Provided data:
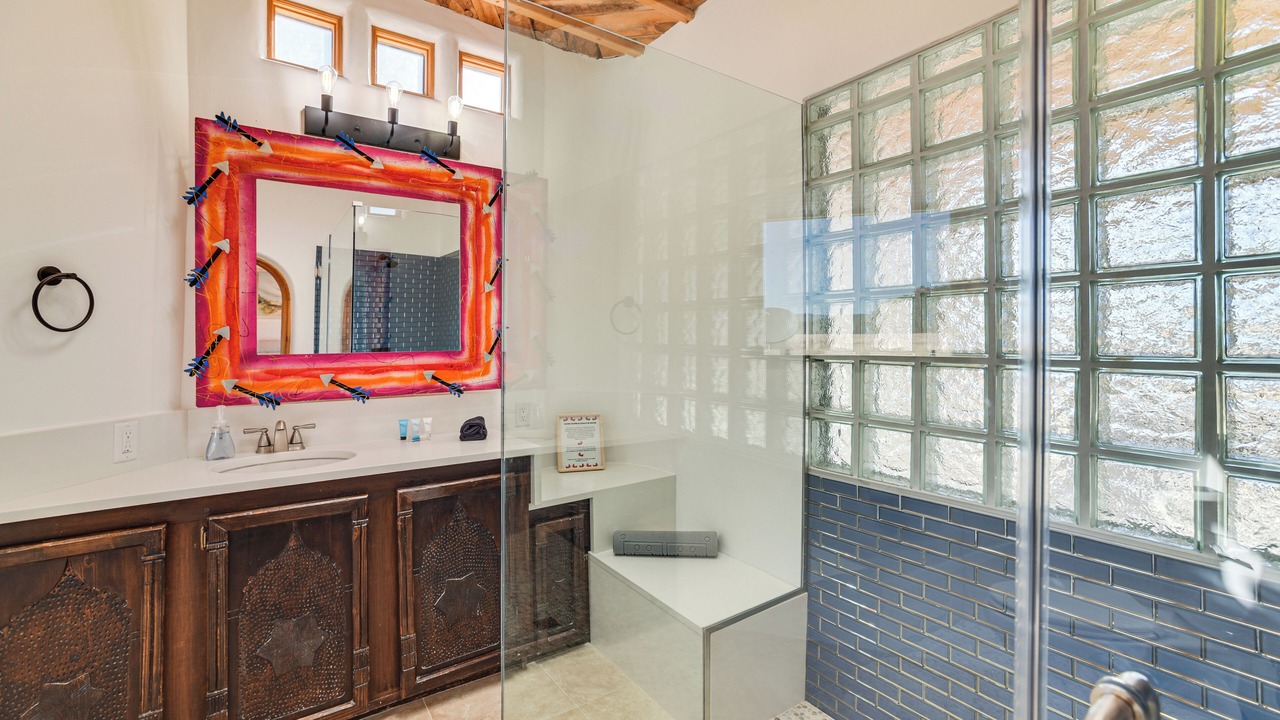 Photo of Bathroom in Glorieta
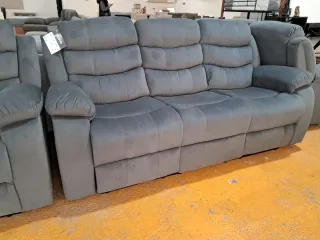 Sofá Relax Gris Rebajassss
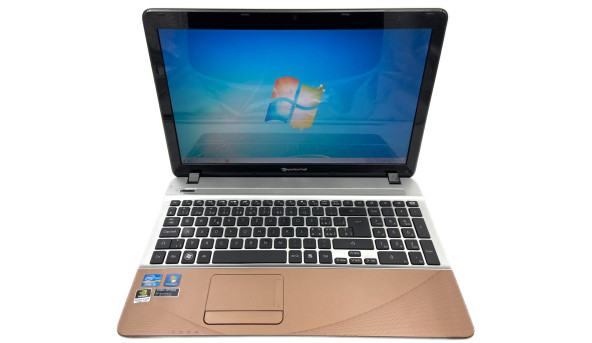Ноутбук Packard Bell TSX66 Intel Core i5-2410M 6GB RAM 640GB HDD [15.6"] - ноутбук Б/У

Task description:
Transcribe the listing exactly; skip the pictures.

Output for this exercise:
 Photo of Bathroom in Glorieta
 Sofá Relax Gris Rebajassss
Ноутбук Packard Bell TSX66 Intel Core i5-2410M 6GB RAM 640GB HDD [15.6"] - ноутбук Б/У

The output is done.